Decasia: The State of Decay - by Bill Morrison

  • Uses nitrate footage - very unstable medium, decays rapidly and compustible. Film theme thus links to the medium.
  • Opens with whirling dirvishes, then whirling reels of film going through developer. Then montage of decayed film overlaid onto footage of sea on rocks, camel trail through desert; then a series of clips with severe decay and/or overlaying negative and positive.
  • Draws attention to the fragility of the medium of film (and of memory?)
  • Back to spinning thread, spinning machinery, then reeling film again - inspected by hand; physicality of the medium; then spinning circus rides, ferris wheel, etc, back to whirling dirvish again. Draws attention to how the illusion of a 'moving' image is constructed with the circular rotation of film.

The Cineseizre - by Martin Arnold, 1998

1. Piece Touche 2. Passage a l'acte 3.Aone. Life wastes Andy Hardy.

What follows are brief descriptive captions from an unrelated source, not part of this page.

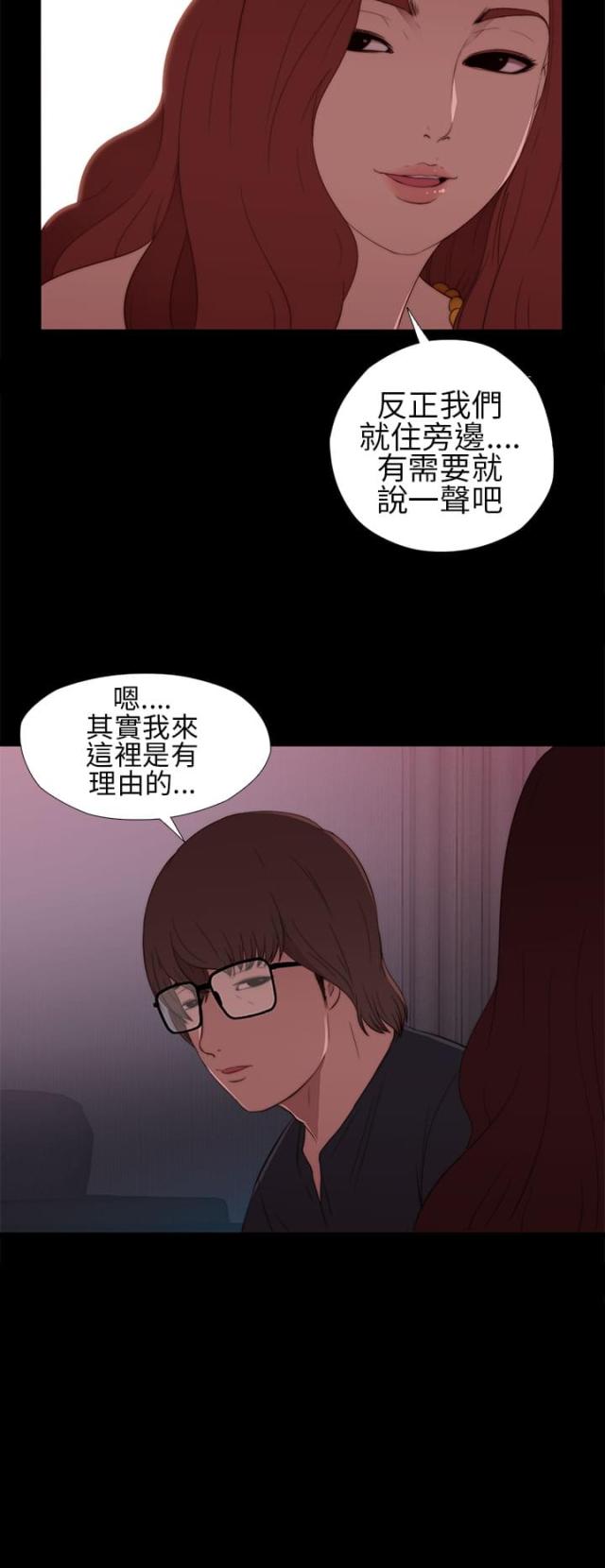 第13话16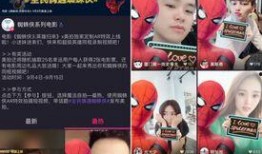 港圈爆料视频解说全集免费观看,独家揭秘，免费观看，一网打尽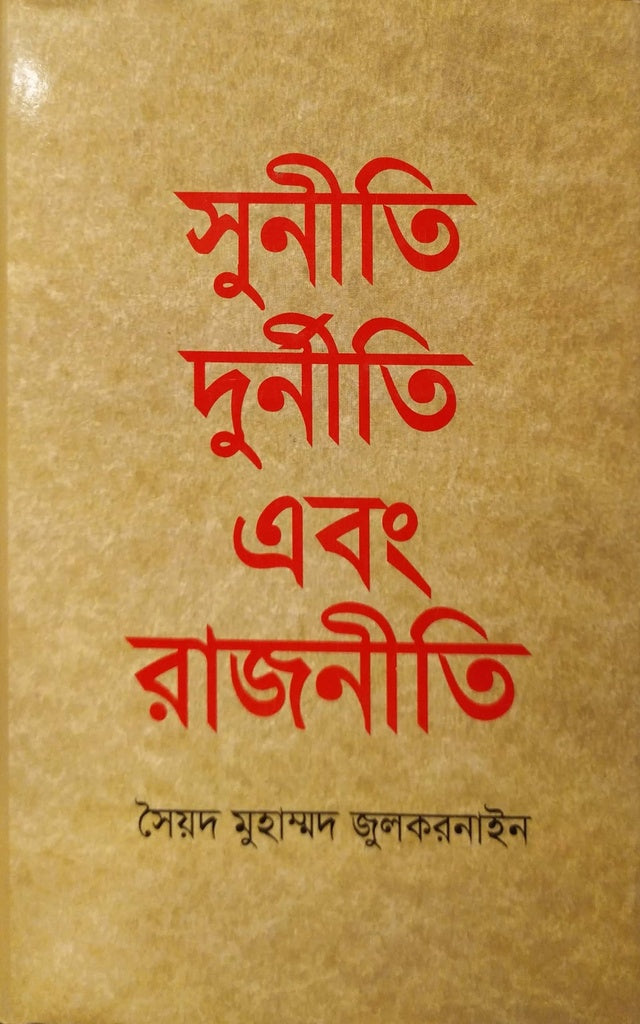 Suniti Durniti Ebong Rajniti (সুনীতি দুর্নীতি এবং রাজনীতি)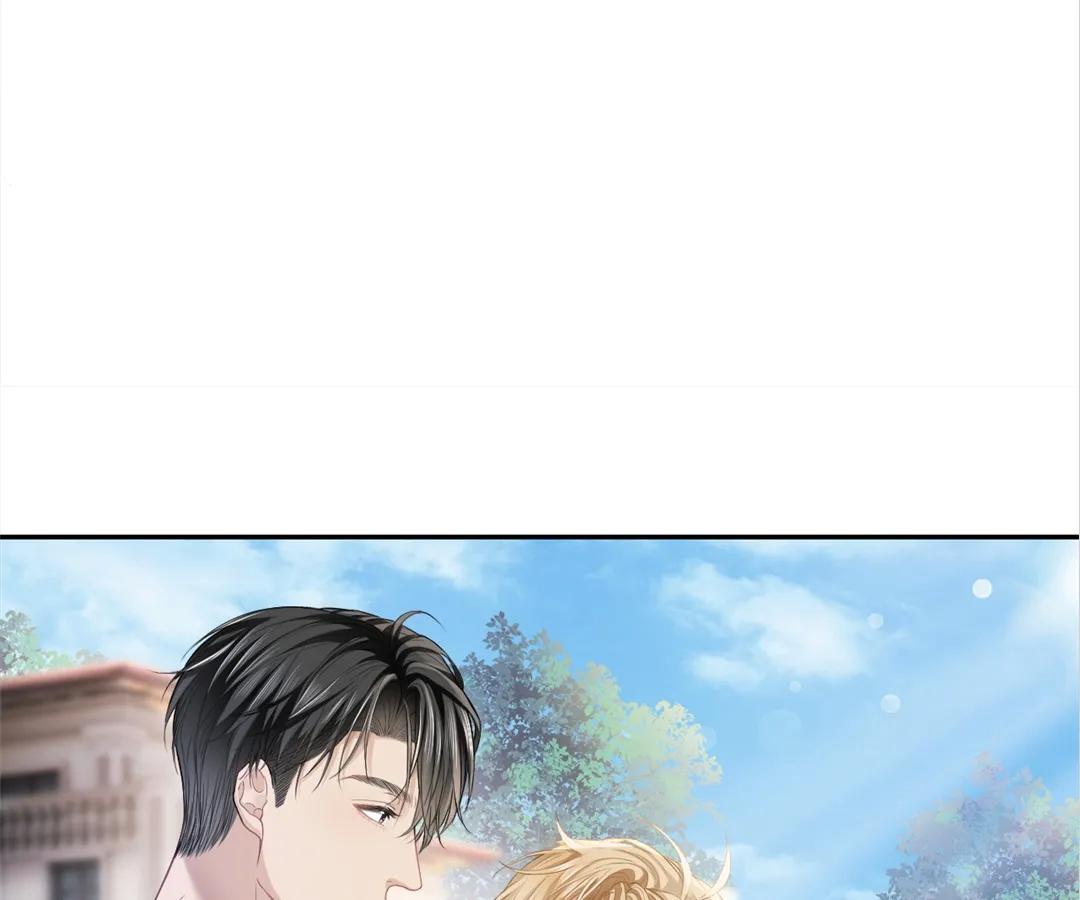 Handsome Guy Takes Over Systems Chapter 2 - Page 86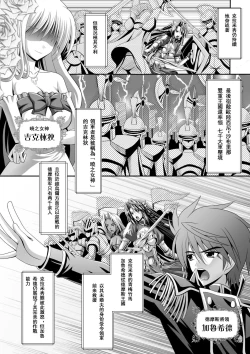 Page 7 of Harem Wedding The Sweet Honeymoon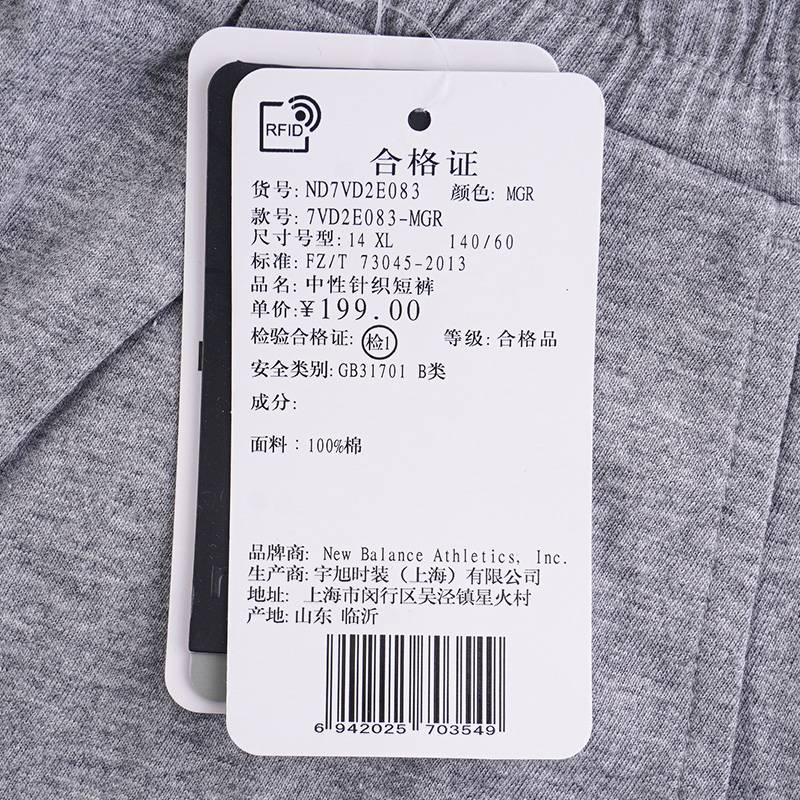 儿童运动休闲短裤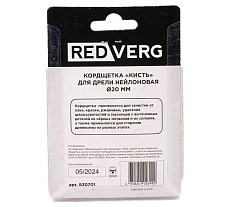 Кордщетка-кисть для дрели нейлоновая 20 мм 830701 Redverg 00006692887
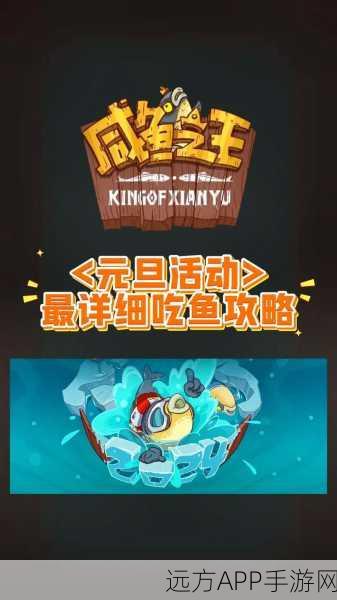 咸鱼之王32-8关卡攻略,解锁通关秘籍,助你称霸鱼塘!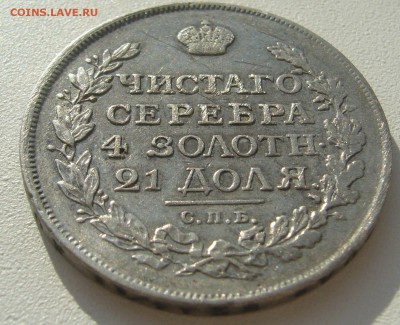 1 РУБЛЬ 1816 г. до 22.10-22.00.00 - P1320235.JPG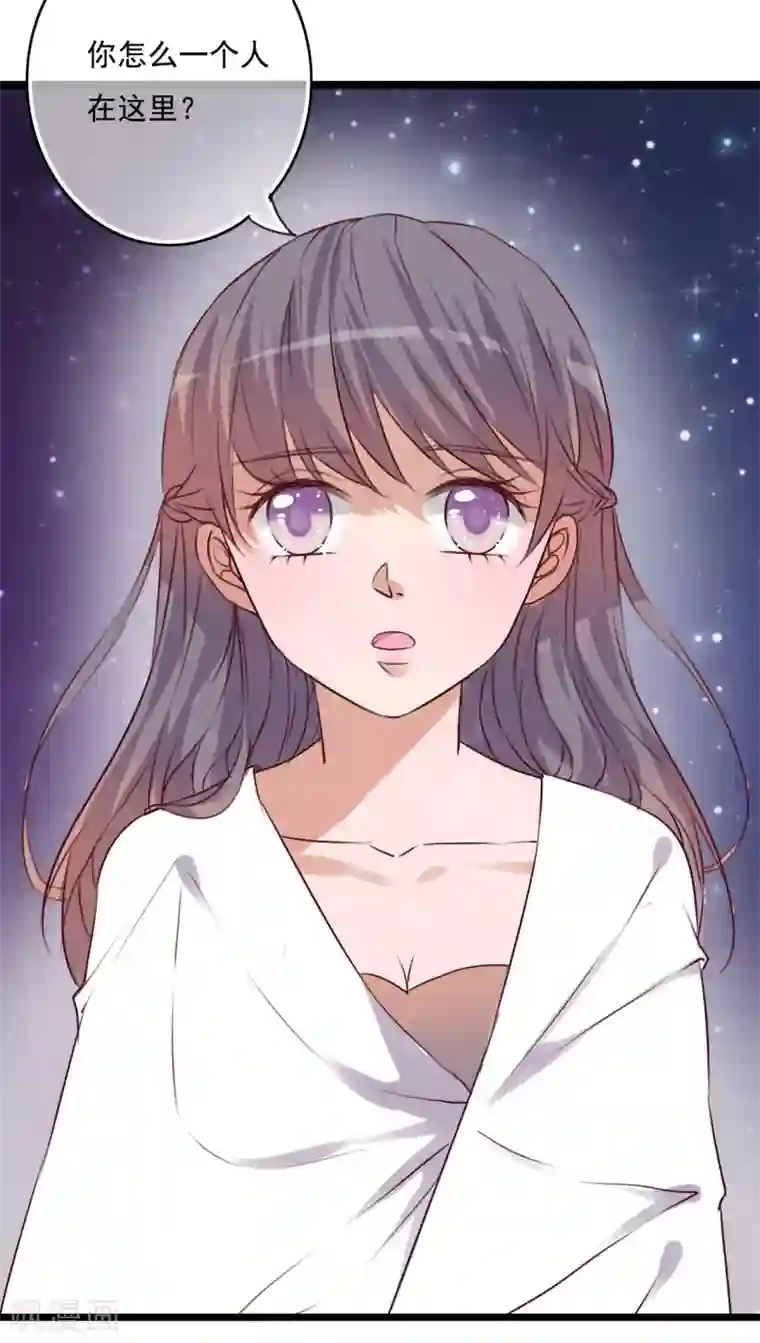 雨后的盛夏第74话 误会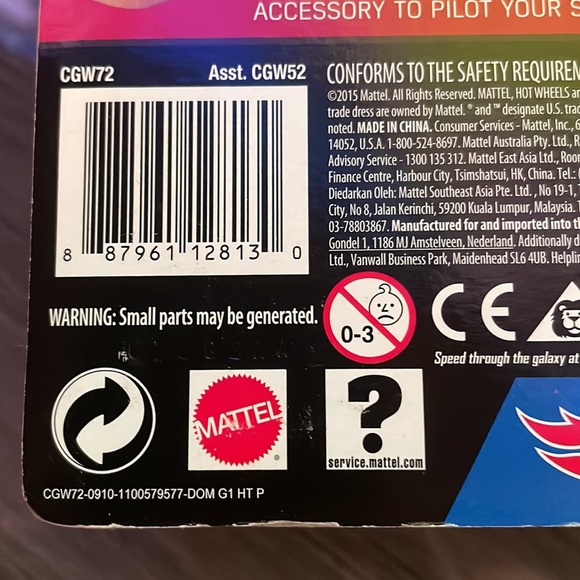 Sith Infiltrator - Picture 11 of 12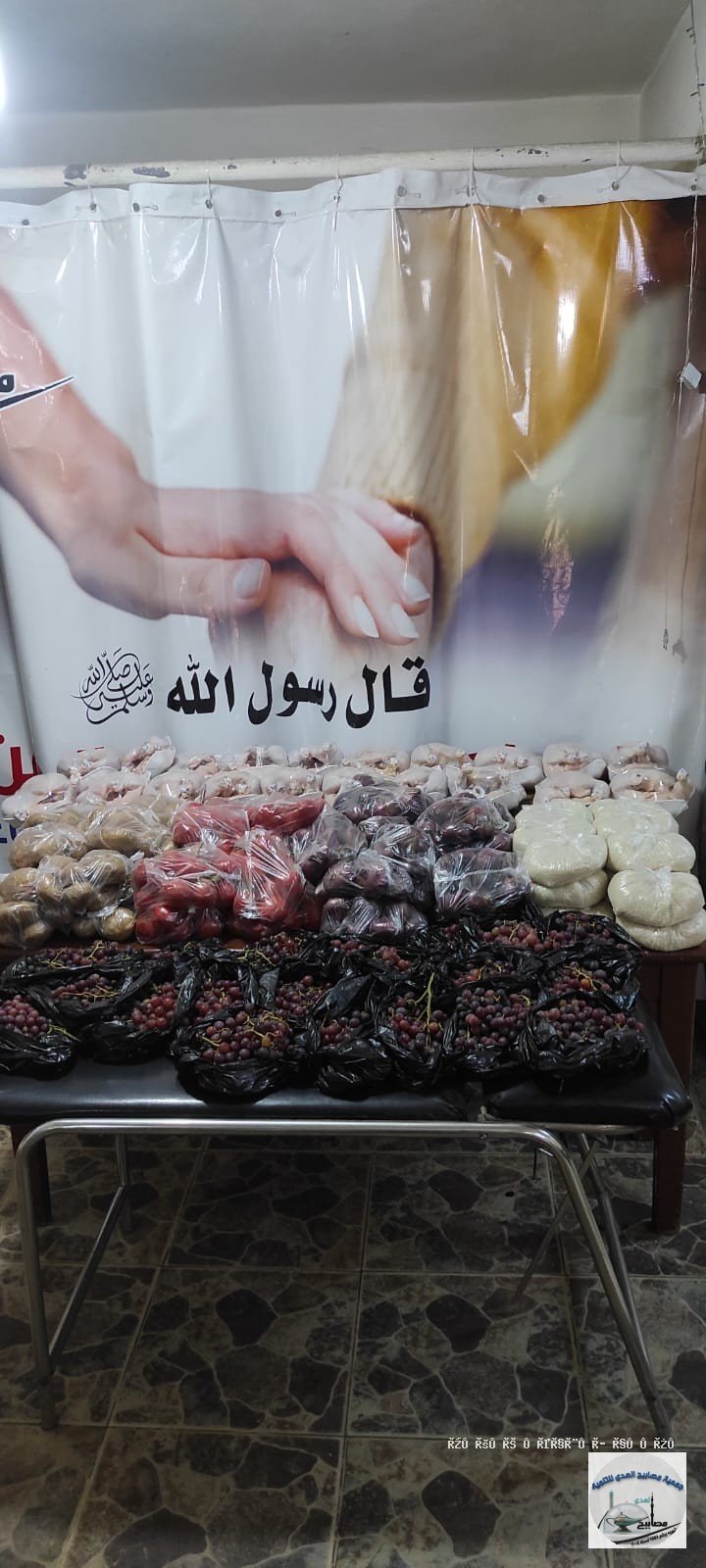 إفطار صائم وطعام أسبوعي - جمعية مصابيح الهدى
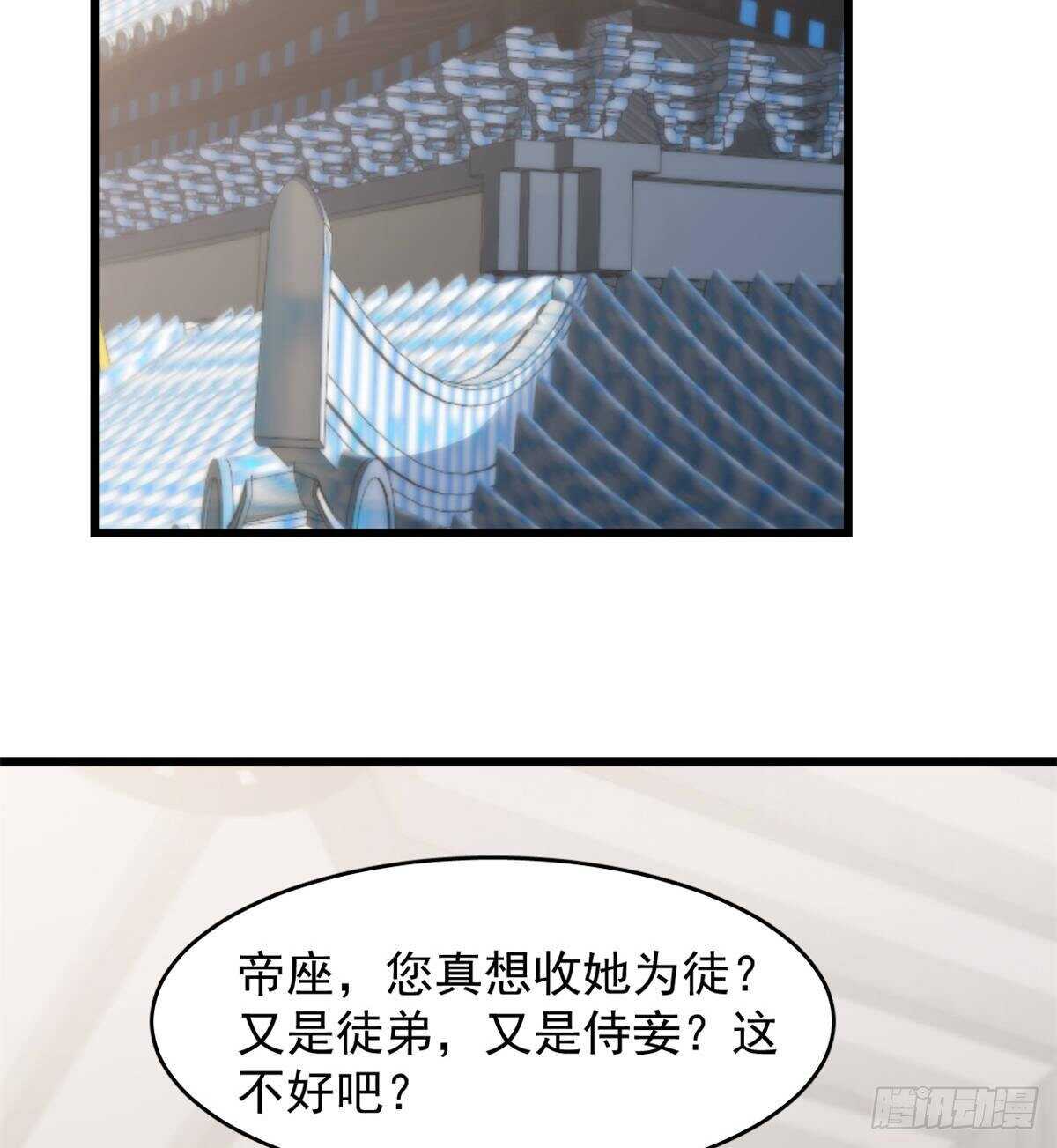 毒步天下特工神医小兽妃TXT漫画,1481图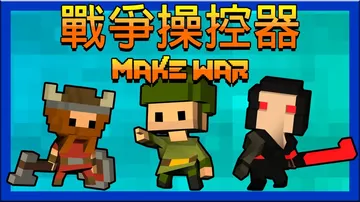 战争操控器|Make War中文封面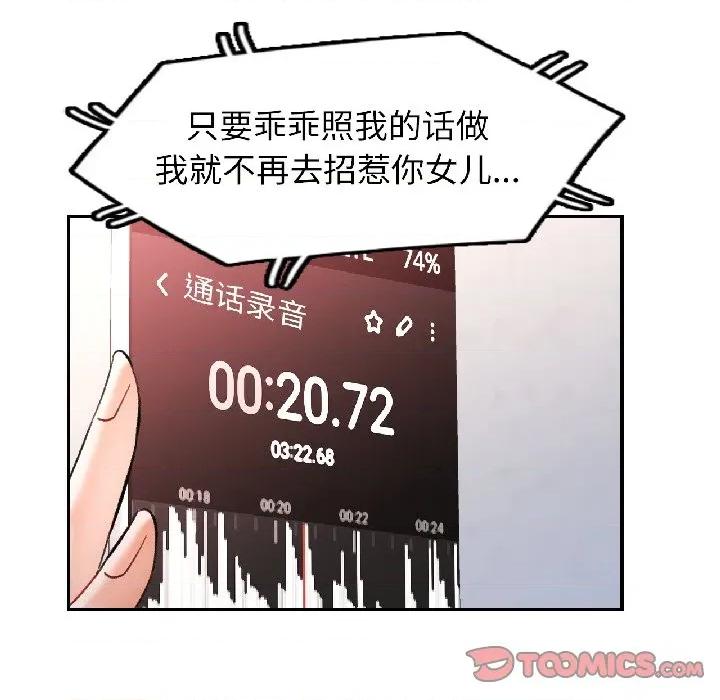 似曾相似的她 可以爱你吗-可以爱你吗 第81话 第39页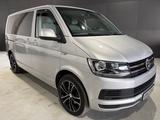 Volkswagen T6 2.0 TDI Multivan*Navi*DSG*7 Sitze* - Volkswagen T6 Multivan in Erfurt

  • Short films that use archive footage and deconstruct it by speeding it up, slowing it down and looping small sections.
  • Intensifies our attention to the minute gestures of actors and expands the tense dramatic pauses in the original

Trailer: Psycho / Viennale spot

See also: Douglas Gordon's '24 Hour Psycho'


Both Arnold & Morrison use optical printers for analogue editing.

Peter Tscherkassky - 'Motion Picture - (La Sortie des ourvriers de l'usine lumiere a lyon)'

  • Takes a single frame from 'workers leaving the factory' - famous clip - and re-works it in an optical printer.